Credit Swisse, which has recently announced its own programme of job losses, has issued a remarkable report that shows a person needs only $3,210 (£2,100) to be in the wealthiest 50% of world citizens. About $68,800 secures a place in the top 10%, while the top 1% have more than $759,900. The report defines wealth as the value of assets including property and stock market investments, but excludes debt.

About 3.4 bn people, just over 70% of the global adult population, have wealth of less than $10,000. A further 1bn, a fifth of the world's population, are in the $10,000-$100,000 range. Each of the remaining 383m adults, 8% of the population has wealth of more than $100,000. This number includes about 34m US dollar millionaires. About 123,800 individuals out of these have more than $50m, and nearly 45,000 have more than $100m. The UK has the third-highest number of these "ultra-high net worth" individuals.

The UK was one of only three countries, along with the US and China, to record a rise in household wealth in 2014. It also leapfrogged Germany in the number of people with more than $50m, with 400 more than 2014 and a total of 5,400. This put the UK in third place, behind the US with 61,300 of the worlds wealthiest and China with 9,600.
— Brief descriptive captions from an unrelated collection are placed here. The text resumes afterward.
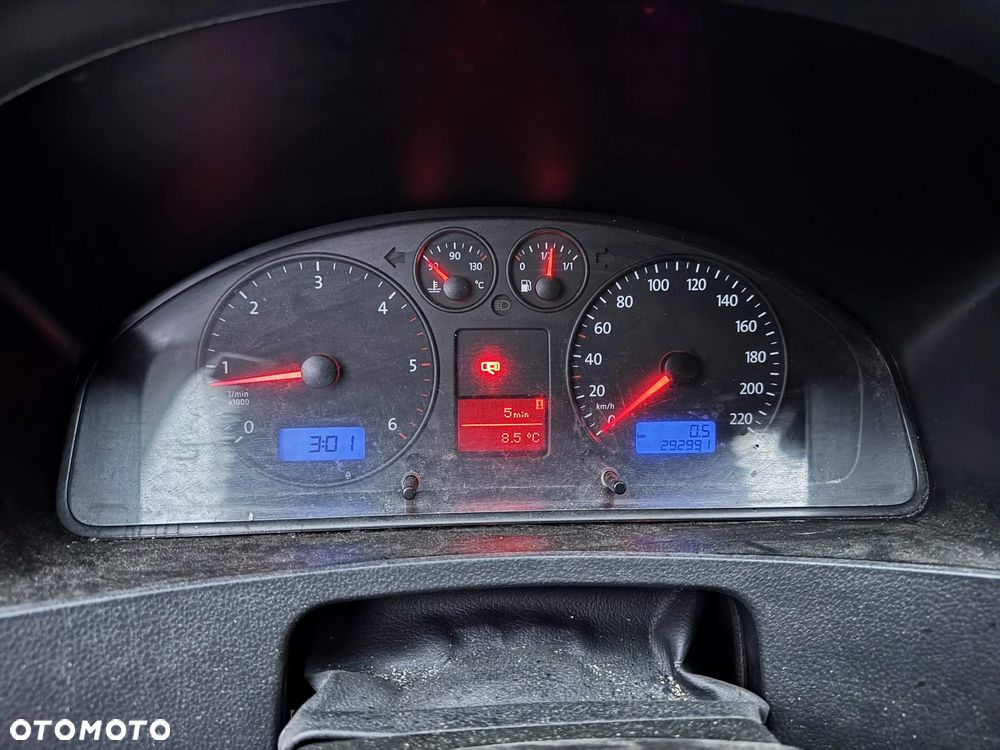 Volkswagen Transporter - 18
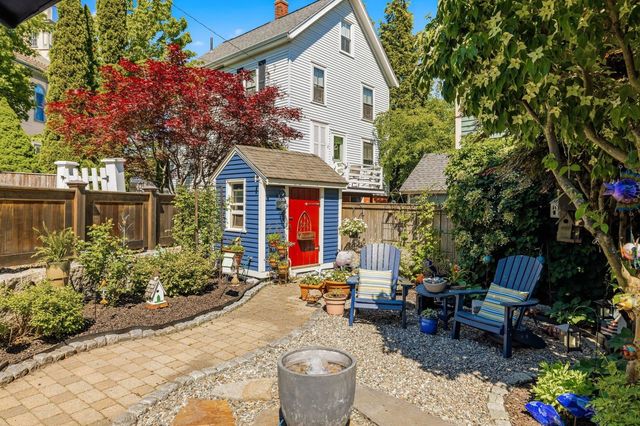 395 Pleasant Street, Portsmouth, NH 03801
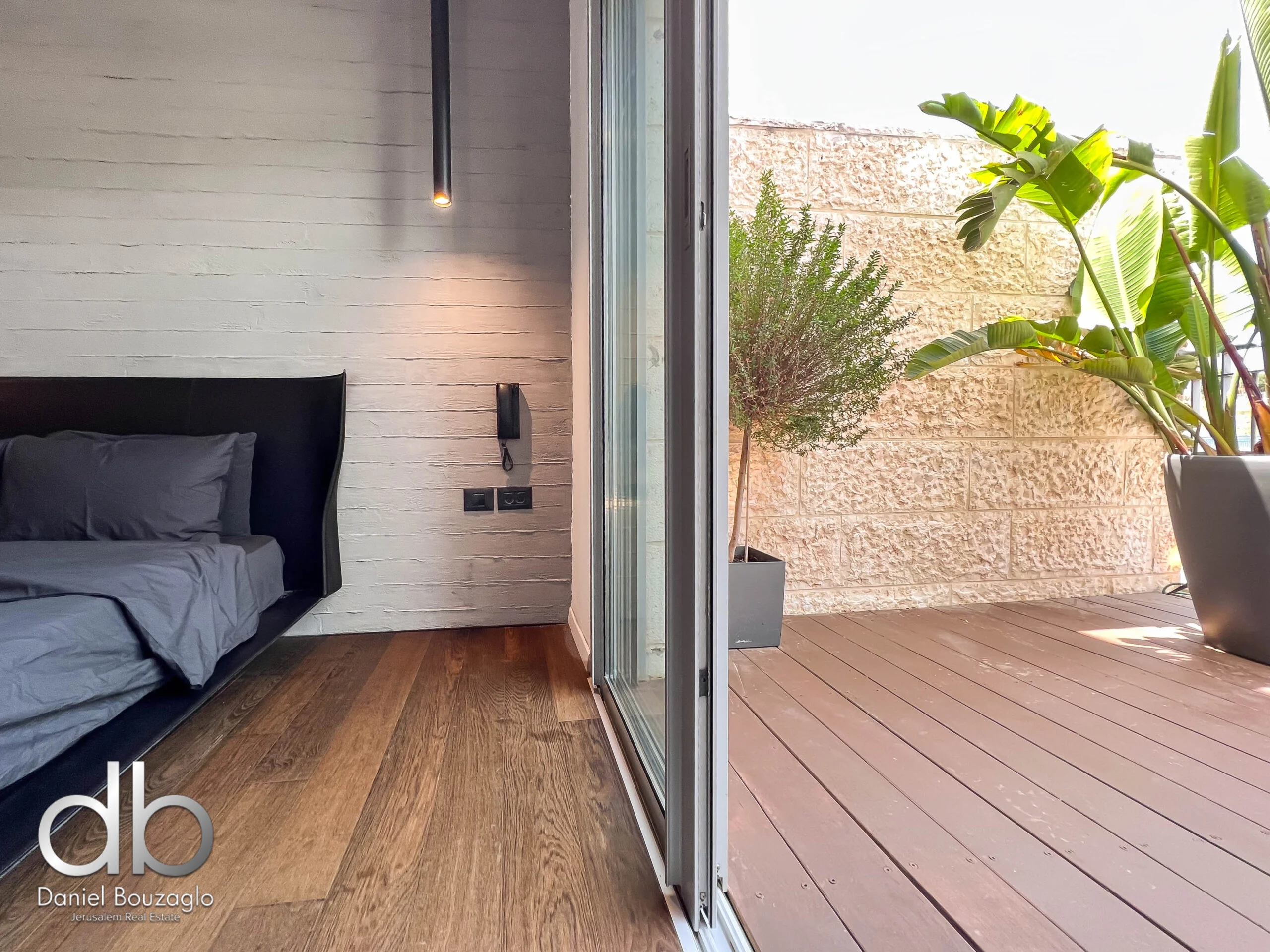 השגריר ארגוב 2 מיני פנטהאוס-25 השגריר ארגוב 2 מיני פנטהאוס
But help is at hand. Jana Kasperkevic, writing in the Guardian, describes a handy new service in New York, "wealth therapy", that appears entirely unaware of the notion of irony. Clay Cockrell, a former Wall Street worker turned therapist says, "There is guilt over being rich in the first place. There is the feeling that they have to hide the fact that they are rich". And then there is the isolation. Being in the 1%, it turns out, can be lonely.

"It's an -ism," says Jamie Traeger-Muney, a wealth psychologist and founder of the Wealth Legacy Group. "I am not necessarily comparing it to what people of color have to go through, but ... it really is making value judgment about a particular group of people as a whole."

"People say: 'Oh, poor you.' There is not a lot of sympathy there," one respondent to recent research confessed. "[Wealth] is still one of our last taboos. Often, I use an analogy with my clients that coming out to people about their wealth is similar to coming out of the closet as gay. There's a feeling of being exposed and dealing with judgment."

It's been a long hard road but the wealthy have finally joined the groups of the oppressed. Just don't give them money. It won't help.